Paris is perhaps the most romanticized city in the world. Its very mention conjures images of wine on sunny verandas, violinists in the street, and long strolls by the Seine in the nighttime. In his latest film, Midnight in Paris, Woody Allen showcases the beauty of the French capital through the centuries—from the intellectualism of the 1920s to the halting glamour of the Belle Époque. Paris has always been portrayed as an old city, a city of nostalgia.

What’s more, it is one that North Americans turn to for an escape from our own over-scheduled, hyper-modernized lives.
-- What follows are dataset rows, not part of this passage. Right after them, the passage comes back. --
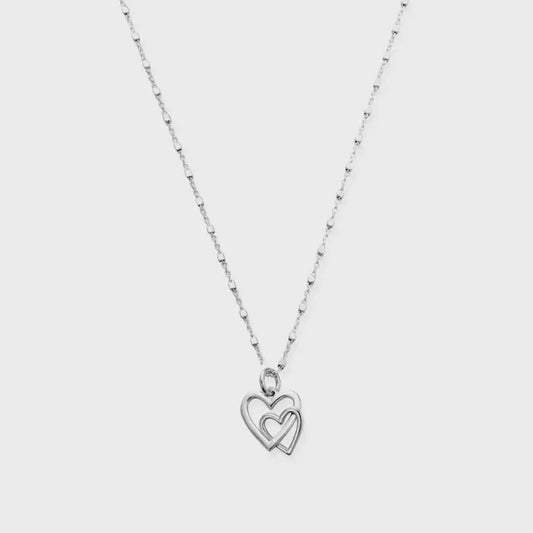 Delicate Cube Chain Interlocking Love Heart Necklace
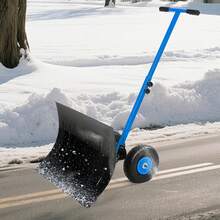 Danolapsi Snow Pusher With Wheels For Driveway,Heavy Duty Steel Blade,Angle Adjustment Handle,Ergonomic Push Snow Shovel For Effortless Snow Removal - Blue - View 1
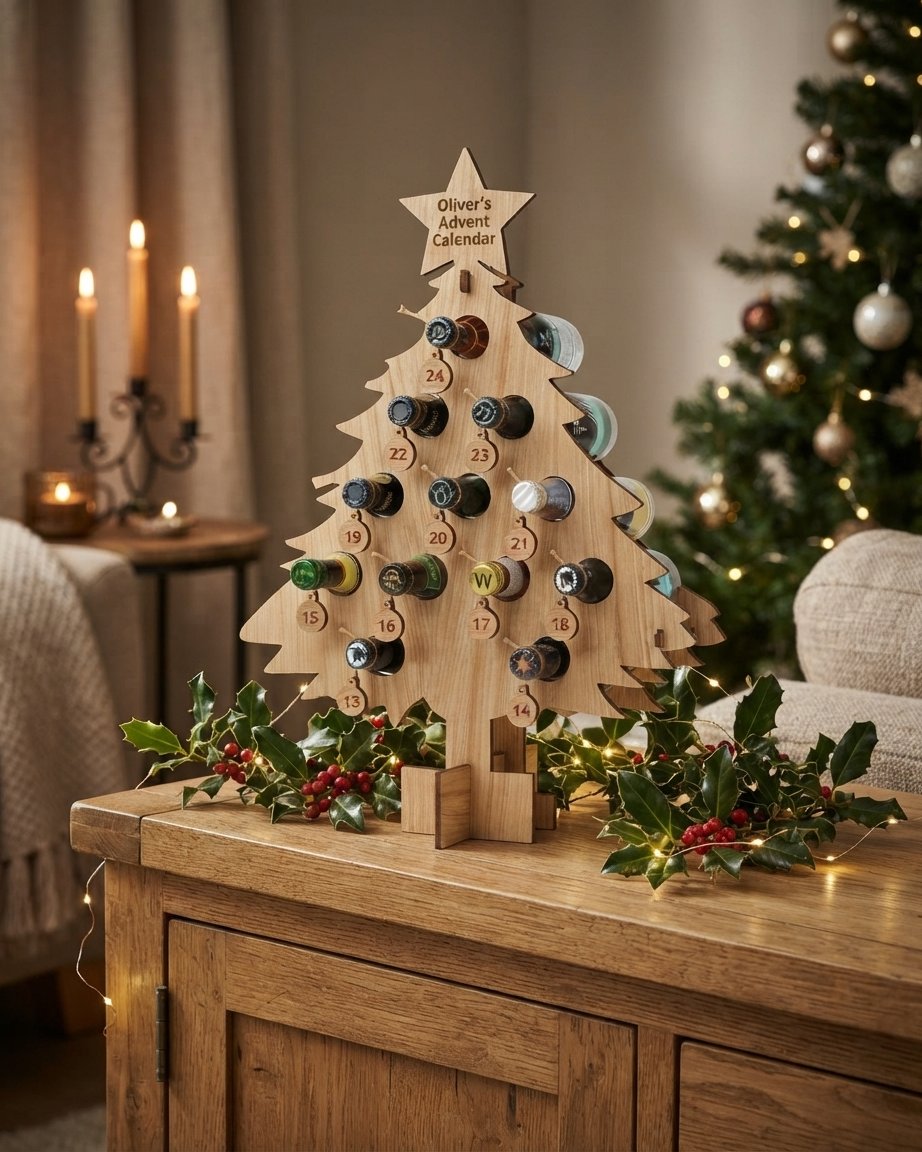 Wooden Mini-Bottle Advent Calendar Holder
The pace is slower here, we are told by the movies and the songs and the charming brochures that paint Paris as an ancient city with romance bursting at its seams.
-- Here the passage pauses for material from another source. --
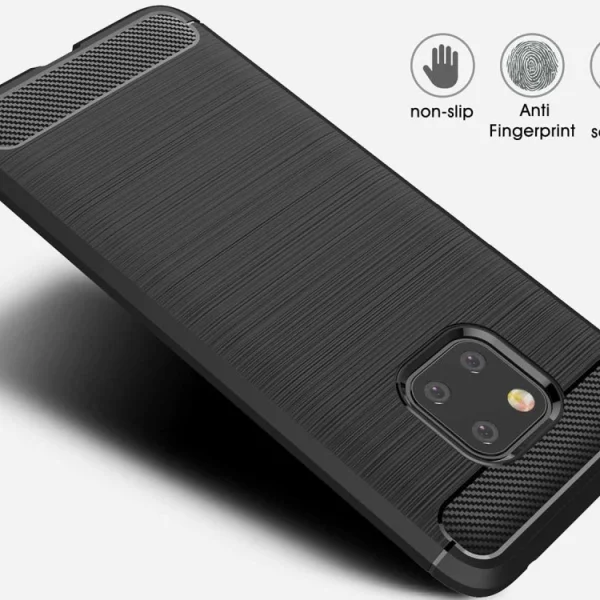 Silicone case Carbon for Huawei Mate 20 Pro, Black 3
So like any unwitting tourist, I stepped foot in Paris for the first time and was surprised, above all, by how incredibly modern it is.

The tension between tradition and modernism that lies at the heart of Paris’s development was well covered in the recent presidential elections. During their campaigns, both Nicolas Sarkozy and newly-minted President Francois Hollande spoke of preparing France for a future within a globalized world. It has become evident that in order to distance itself from a fragile Europe and to establish itself as a player on the international stage, the country can no longer depend on its cultural history alone. And at the turn of the new year, Mayor Bertrand Delanoe wrote in an open letter to Parisians that “Paris, in these hard times, continues to invest in solidarity and in innovation, and in changing its image, out of respect for its past and concern for its future.”

The Seine River, a 776 km waterway that flows through Paris to the English Channel, has inspired many a romance. At the Pont des Arts bridge, there is a railing on which couples have attached padlocks proclaiming their undying love. The keys to these locks are thrown into the water’s flowing depths. (Wang/TYG)

Over dinner today, my 14 year old host brother, Baptiste, finished recounting his packed schedule for the week, which included Boy Scout meetings and a Saturday morning Chinese class. When I commented that kids today are occupied by countless activities, my host father, Patrick, retorted that kids these days are distracted by countless electronics. Like the rest of the world, French young people are obsessed with Facebook and e-mail, text messaging and smartphones. On a given day, they are probably more likely to be surfing the Internet than taking bike rides through the Latin Quarter.

One of the clearest signs of Paris’s little spoken-of modernism is its convenient and effective subway system (called “le metro”), which is scheduled to be improved and extended through the project Le Grand Paris. Sitting in the moving train and watching the lights change on the flashing map above my head, I thought that I liked this realer, more complex version of Paris that I was just beginning to discover. Beneath its stone-lined paths, the City of Light rumbled with the sounds of friction between the new and the old.